After Glee extra Nicole Crowther lost her job by spoiling the identity of the prom king and queen over Twitter, 20th Century Fox Television is rethinking its contract terms. Surprisingly, the studio hadn’t had any clauses keeping extras like Crowther silent, ostensibly because their involvement with the show is so limited. But now an insider says that Fox may rework its deals with everyone involved in the show — including the main cast — to punish for any and all plot leaks over social media.
Fox is following fellow big studio Disney, who changed its contracts in 2009 and added various specific terms: There were seven forbidden actions (including spoiling, of course) that cast and crew could not engage in, and they were forbidden to do so over Facebook, Twitter, and other social networks.
The thing is, part of what has cemented the interactions between fans and the cast has been the actors themselves: Lea Michele, Cory Monteith, and others often tweet photos and hints at upcoming episodes. The photo accompanying yesterday’s spoiler post — of Finn sitting alone at the prom — came from Monteith, and Michele made it clear that Jonathan Groff would be returning as Jesse St. James thanks to a twitpic of the two of them on-set.
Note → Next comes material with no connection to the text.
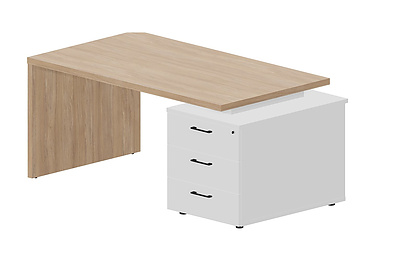 Стол для руководителя на опорной тумбе 3 ящика (правый) Norman NR160T3DOWBL - фото товара 1 из 3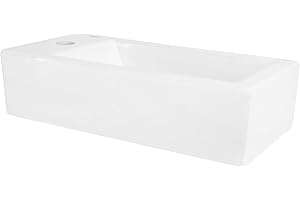 ML-Design Waschbecken aus Keramik in Weiß 51x25x13 cm, Eckig, klein, Hahnloch links, Wandmontage oder Aufsatzwaschbecken, Moderne Waschtisch Waschschale Waschplatz Handwaschbecken, für Badezimmer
As one LiveJournal commenter said, The random spoiler-y tweets and pics make them much more interesting. I’d hate for that to be gone cause of this chick.
I think that there’s nothing wrong with offering up spoilers as long as you do so with the 0ption of not reading: either warning before people read the tweet, or providing an external link that they can click if they want to. Part of Crowther’s mistake was that she just blurted out the spoiler; maybe she would have been less harshly punished if she had practiced some discretion.